As we returned to our work area, a degree of self-doubt emerged:
Would our project go on to the second round of judging? In spite of having a talented, multi-functional team and building some amazing tech, would our loud and distracted pitch screw up our chances? How did we get here and what had happened?
In this post, I want to share our tale from the 2019 AT&T 5G Hackathon in Los Angeles. It was an amazing event with a few hundred attendees, support from Samsung, IBM and others, and some $100,000 in prizes up for grabs. We also were a group of individuals that had met, become a team, and later friends.
Overall, it was an inspiring few days and we did (as you’ll see) manage to pass this initial round and went on to become one of the top teams at the event. We had much to be proud of on the conceptual, customer development, product, design and tech sides for our team. Obviously, you can only get so much done in a weekend, but we managed to not only deal with a unique problem on how to track attention and how to “attentively” provide that tracking data and other information back to users, but we also built a working prototype!

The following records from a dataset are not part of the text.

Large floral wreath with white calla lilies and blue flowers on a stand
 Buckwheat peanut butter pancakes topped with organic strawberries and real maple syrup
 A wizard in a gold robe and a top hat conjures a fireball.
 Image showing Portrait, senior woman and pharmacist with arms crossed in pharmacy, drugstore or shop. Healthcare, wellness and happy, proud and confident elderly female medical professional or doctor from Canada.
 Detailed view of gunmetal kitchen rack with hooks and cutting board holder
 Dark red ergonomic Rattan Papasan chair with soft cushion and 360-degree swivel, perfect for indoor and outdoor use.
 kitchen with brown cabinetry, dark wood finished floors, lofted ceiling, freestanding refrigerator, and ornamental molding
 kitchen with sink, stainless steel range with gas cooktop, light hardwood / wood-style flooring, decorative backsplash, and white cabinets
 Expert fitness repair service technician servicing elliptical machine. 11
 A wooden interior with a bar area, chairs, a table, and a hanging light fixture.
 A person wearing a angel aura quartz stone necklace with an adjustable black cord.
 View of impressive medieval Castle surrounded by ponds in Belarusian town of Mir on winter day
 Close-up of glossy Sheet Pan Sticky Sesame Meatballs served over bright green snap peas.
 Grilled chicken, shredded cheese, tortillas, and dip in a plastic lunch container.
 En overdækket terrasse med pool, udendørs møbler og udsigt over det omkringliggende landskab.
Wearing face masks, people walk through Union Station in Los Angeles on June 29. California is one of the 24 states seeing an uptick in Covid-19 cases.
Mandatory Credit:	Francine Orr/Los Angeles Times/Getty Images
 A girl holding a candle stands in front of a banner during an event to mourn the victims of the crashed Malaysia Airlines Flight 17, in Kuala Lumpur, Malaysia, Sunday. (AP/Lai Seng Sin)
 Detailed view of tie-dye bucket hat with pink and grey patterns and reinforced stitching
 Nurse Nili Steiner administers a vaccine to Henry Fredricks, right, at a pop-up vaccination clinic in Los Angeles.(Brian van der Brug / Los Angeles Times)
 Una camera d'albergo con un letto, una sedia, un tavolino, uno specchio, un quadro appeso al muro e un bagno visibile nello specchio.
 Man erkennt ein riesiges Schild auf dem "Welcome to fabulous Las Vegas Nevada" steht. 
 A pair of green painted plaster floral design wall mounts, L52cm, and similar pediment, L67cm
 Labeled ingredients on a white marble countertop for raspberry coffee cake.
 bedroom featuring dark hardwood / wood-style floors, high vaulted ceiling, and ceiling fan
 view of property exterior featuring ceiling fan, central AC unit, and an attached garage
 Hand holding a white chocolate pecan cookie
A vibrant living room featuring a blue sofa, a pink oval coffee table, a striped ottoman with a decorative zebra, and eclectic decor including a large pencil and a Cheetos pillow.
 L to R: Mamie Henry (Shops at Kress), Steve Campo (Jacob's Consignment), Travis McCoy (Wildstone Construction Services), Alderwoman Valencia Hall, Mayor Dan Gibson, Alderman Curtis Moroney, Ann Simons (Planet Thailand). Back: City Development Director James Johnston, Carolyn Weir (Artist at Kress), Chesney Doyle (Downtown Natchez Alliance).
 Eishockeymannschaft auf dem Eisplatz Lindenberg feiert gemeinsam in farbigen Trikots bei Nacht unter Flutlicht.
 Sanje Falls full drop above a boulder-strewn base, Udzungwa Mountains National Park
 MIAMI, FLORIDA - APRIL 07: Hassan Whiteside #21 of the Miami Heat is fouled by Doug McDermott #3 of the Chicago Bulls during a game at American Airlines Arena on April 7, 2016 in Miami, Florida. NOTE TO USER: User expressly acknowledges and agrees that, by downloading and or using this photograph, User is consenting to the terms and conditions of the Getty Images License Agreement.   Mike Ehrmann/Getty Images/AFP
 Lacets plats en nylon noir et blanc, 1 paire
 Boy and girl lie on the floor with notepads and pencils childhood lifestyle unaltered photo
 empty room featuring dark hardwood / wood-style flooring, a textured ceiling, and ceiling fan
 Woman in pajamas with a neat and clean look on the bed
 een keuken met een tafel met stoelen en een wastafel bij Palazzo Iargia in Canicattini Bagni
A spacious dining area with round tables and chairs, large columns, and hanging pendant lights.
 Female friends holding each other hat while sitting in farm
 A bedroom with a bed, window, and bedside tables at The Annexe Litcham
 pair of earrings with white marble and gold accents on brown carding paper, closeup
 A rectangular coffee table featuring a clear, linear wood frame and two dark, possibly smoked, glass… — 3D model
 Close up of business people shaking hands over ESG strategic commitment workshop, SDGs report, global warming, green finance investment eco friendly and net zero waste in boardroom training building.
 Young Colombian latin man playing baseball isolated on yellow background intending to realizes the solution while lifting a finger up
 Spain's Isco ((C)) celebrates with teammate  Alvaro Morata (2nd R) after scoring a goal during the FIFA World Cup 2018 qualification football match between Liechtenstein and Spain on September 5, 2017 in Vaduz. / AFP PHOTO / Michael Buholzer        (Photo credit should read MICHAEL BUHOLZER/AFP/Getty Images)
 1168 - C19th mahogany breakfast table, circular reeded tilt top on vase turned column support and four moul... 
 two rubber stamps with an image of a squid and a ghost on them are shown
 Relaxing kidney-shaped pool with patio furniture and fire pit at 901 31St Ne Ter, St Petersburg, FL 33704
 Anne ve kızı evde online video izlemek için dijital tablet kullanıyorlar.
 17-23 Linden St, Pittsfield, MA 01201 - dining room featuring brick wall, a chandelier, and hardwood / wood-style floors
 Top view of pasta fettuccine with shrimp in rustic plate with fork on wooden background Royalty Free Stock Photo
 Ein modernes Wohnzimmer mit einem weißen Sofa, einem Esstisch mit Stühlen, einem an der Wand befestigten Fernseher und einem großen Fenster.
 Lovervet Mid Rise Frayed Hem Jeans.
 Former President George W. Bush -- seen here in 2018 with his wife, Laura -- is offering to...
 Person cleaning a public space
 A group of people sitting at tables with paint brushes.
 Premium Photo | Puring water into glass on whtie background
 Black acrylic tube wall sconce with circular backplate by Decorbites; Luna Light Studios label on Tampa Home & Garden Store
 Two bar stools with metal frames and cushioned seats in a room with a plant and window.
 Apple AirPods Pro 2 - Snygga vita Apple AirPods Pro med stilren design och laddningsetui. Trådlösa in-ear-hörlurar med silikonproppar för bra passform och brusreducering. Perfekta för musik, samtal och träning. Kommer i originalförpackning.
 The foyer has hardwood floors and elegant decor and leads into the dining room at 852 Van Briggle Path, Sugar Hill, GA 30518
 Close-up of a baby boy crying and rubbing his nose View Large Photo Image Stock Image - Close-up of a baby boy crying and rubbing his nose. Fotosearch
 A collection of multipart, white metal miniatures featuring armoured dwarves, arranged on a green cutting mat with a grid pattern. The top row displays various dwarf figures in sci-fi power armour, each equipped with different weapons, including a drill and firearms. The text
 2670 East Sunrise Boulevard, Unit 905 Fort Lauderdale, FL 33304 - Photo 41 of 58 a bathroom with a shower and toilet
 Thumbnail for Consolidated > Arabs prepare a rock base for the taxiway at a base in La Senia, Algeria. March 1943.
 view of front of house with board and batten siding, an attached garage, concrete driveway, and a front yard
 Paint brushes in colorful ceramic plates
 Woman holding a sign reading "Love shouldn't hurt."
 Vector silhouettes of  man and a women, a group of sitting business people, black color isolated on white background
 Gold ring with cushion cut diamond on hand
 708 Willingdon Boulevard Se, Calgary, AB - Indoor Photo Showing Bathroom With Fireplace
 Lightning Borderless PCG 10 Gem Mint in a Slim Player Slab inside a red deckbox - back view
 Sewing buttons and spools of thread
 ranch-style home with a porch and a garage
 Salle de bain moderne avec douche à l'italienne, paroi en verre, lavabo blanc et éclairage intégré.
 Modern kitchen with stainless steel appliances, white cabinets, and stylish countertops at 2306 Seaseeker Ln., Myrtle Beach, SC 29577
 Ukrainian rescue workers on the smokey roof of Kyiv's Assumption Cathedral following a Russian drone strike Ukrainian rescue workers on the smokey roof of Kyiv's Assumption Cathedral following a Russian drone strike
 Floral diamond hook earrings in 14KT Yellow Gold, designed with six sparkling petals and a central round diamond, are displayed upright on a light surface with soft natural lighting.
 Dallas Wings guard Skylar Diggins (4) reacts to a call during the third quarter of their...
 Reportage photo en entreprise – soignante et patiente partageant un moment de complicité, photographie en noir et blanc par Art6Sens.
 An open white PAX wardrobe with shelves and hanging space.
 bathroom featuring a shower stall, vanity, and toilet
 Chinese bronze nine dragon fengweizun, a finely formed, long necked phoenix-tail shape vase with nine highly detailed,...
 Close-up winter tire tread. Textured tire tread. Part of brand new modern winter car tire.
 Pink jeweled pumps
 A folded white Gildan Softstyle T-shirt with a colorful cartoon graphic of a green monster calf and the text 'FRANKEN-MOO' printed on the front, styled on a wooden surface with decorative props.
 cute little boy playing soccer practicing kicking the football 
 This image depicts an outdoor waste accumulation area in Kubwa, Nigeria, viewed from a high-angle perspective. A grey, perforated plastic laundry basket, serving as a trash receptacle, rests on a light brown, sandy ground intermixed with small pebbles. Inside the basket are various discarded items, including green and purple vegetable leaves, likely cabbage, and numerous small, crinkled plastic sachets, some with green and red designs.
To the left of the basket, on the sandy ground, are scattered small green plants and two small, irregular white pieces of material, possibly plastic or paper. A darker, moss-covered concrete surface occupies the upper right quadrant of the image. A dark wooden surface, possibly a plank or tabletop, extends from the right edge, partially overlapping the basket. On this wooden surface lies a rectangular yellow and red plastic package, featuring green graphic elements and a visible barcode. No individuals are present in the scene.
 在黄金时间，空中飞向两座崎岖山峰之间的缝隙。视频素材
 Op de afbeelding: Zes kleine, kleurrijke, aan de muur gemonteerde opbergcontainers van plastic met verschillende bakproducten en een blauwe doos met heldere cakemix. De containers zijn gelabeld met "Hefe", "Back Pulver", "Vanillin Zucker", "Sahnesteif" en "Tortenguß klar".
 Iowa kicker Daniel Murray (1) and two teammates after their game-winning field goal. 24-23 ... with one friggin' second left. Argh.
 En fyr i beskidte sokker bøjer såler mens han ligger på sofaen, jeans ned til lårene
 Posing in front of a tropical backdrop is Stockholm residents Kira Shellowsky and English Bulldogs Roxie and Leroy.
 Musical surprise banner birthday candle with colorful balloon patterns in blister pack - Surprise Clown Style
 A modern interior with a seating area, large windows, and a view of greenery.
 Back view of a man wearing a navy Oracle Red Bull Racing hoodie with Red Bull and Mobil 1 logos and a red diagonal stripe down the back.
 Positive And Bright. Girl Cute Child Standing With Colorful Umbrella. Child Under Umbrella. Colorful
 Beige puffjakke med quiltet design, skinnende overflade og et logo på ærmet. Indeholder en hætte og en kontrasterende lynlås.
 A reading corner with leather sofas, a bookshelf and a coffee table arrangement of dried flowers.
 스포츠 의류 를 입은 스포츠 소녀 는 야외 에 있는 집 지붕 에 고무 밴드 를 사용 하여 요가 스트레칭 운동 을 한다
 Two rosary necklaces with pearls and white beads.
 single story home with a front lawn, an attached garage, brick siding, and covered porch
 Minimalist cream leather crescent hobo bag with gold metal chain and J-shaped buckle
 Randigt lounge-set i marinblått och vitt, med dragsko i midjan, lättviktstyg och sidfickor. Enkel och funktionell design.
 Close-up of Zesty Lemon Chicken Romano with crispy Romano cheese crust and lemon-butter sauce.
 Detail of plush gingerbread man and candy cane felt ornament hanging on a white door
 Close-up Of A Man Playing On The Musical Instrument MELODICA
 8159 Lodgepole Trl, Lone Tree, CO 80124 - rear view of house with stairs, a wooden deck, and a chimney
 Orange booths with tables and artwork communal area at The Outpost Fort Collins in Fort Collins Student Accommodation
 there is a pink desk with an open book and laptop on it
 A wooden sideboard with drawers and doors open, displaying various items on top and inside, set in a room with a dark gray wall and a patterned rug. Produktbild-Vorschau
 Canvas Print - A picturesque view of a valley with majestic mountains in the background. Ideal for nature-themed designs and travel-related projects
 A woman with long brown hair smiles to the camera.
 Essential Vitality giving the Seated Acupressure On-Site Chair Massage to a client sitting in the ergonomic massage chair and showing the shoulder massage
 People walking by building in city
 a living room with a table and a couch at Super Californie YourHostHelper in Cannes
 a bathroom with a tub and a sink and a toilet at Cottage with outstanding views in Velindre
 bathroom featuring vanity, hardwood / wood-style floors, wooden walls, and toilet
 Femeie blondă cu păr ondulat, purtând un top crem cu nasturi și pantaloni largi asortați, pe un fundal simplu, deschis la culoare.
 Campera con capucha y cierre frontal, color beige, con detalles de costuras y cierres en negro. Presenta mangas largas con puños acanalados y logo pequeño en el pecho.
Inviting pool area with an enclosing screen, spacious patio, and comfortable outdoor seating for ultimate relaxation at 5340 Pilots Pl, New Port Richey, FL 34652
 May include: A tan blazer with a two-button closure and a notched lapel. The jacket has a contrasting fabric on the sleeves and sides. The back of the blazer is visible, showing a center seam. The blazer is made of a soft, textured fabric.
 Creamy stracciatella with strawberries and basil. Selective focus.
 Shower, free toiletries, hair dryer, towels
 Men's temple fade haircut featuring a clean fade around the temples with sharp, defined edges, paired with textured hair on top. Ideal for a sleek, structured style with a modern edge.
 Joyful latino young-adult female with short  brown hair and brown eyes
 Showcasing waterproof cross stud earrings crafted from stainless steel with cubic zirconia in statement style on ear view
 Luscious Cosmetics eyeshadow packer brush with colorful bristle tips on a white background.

But before we jump to conclusion and a bit of a post-mortem on what we built and who we built it for, let’s take a side step or two to talk about attention, what it is and few different ways to might track it through cognitive tests, brain scans and, as we would build, through the direction of our faces and eyes.
EDITOR’S NOTE: This post was originally drafted in September and October 2019 and rediscovered in May 2023. I largely just smoothed out the prose and finished a few incomplete sentences and sections. I am publishing it now as a shareable, fun, learning case study. I have added a note at the end of some more updated thoughts.
What is Attention?
Attention involves a general state of wakefulness and a desire and ability to selectively concentrate on something.
Attention: Where Our Bottoms-Up Needs Meet Our Top-Down Intentions
Attention is the cognitive function that allocates cognitive resources to space, time, sense, and task (Posner, 2012): it drives enhancement and suppression of relevant and irrelevant sensory information, respectively, with the goal of processing relevant information more accurately. (Battleday, 2015)
Attention is a behavioral and cognitive process of selectively concentrating on certain information while ignoring others. Without paying attention, you can’t learn, create or decide anything. That said much of our mental lives pass in the opposite of attentio in what is termed the wandering mind mental state.
Like many pyschological concepts, attention does not represent a singular phenomeon. There is no single observational way to know if someone is attentive nor one test that can quantify fully how strongly we are focused. In fact, excluding the obvious conditions like sleep or unconsciousness where there is a total lack of arousal, attention is a fluid and dynamic state state. Attention ebbs and flows.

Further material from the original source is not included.